Work task:
Please write out the whole listing that follows exactly; the pictures stay out.

Material provided:
══════════════════════════════

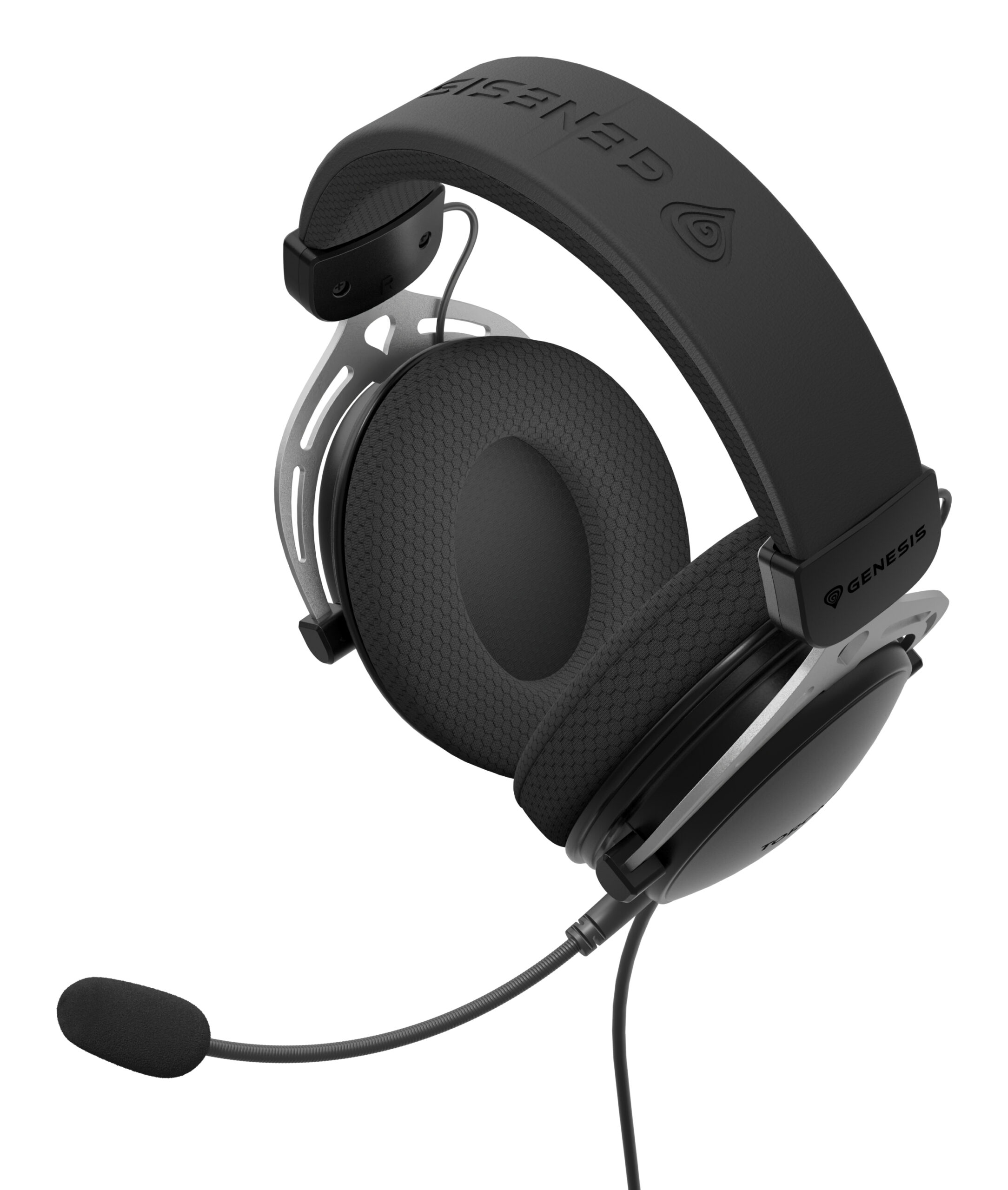 Genesis Casti cu fir Toron 531 negru, NSG-2117 - imagine 7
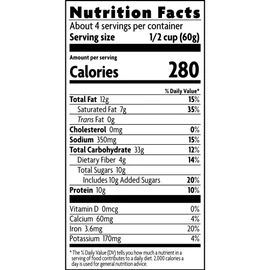 Nature's Path Organic Maple Almond Butter Protein Granola, 10 oz (Pack of 1), Non-GMO
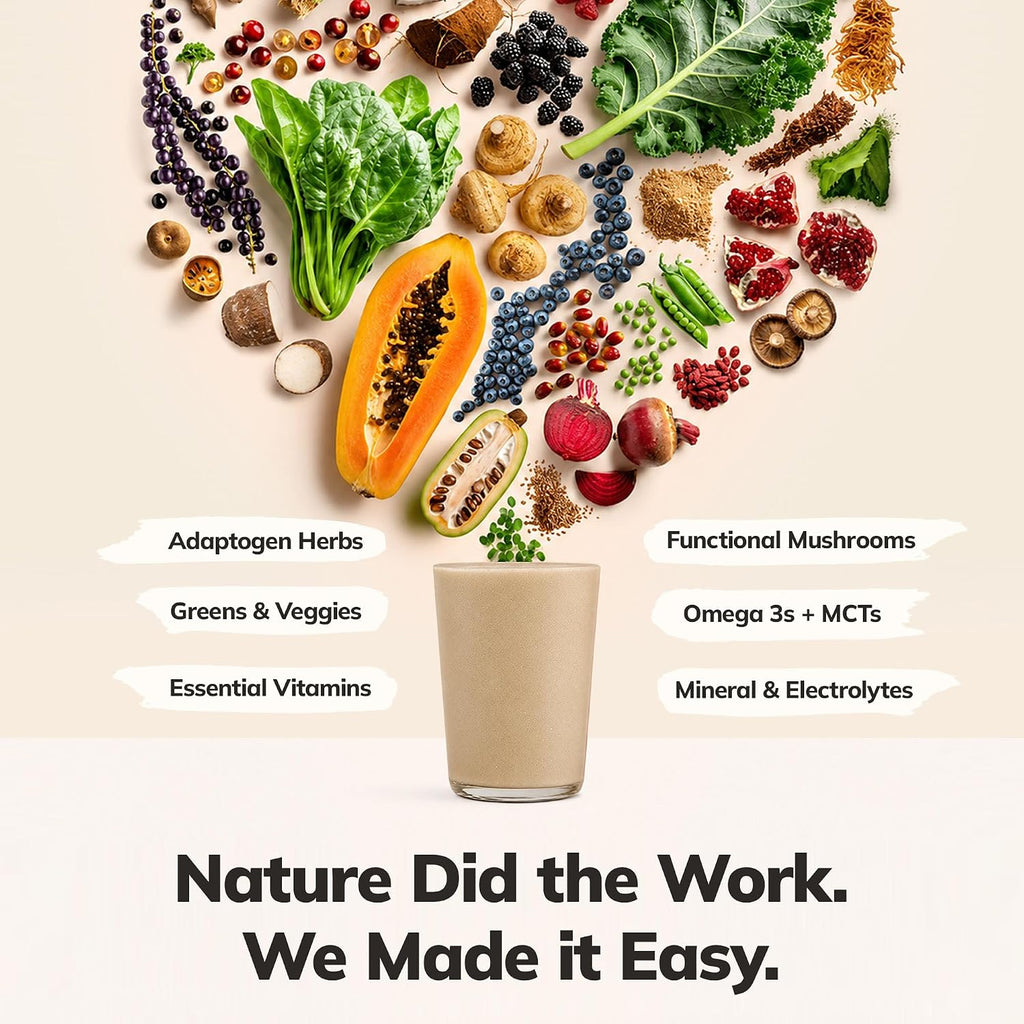 Ka’Chava Whole Body Meal Shake Vanilla 2 lb – Vegan Protein Powder with 85+ Superfoods & Greens – Plant-Based Meal Replacement with Probiotics & Digestive Enzymes – Gluten & Dairy Free (15 Servings)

══════════════════════════════

Answer to this task:
 Genesis Casti cu fir Toron 531 negru, NSG-2117 - imagine 7
 Nature's Path Organic Maple Almond Butter Protein Granola, 10 oz (Pack of 1), Non-GMO
 Ka’Chava Whole Body Meal Shake Vanilla 2 lb – Vegan Protein Powder with 85+ Superfoods & Greens – Plant-Based Meal Replacement with Probiotics & Digestive Enzymes – Gluten & Dairy Free (15 Servings)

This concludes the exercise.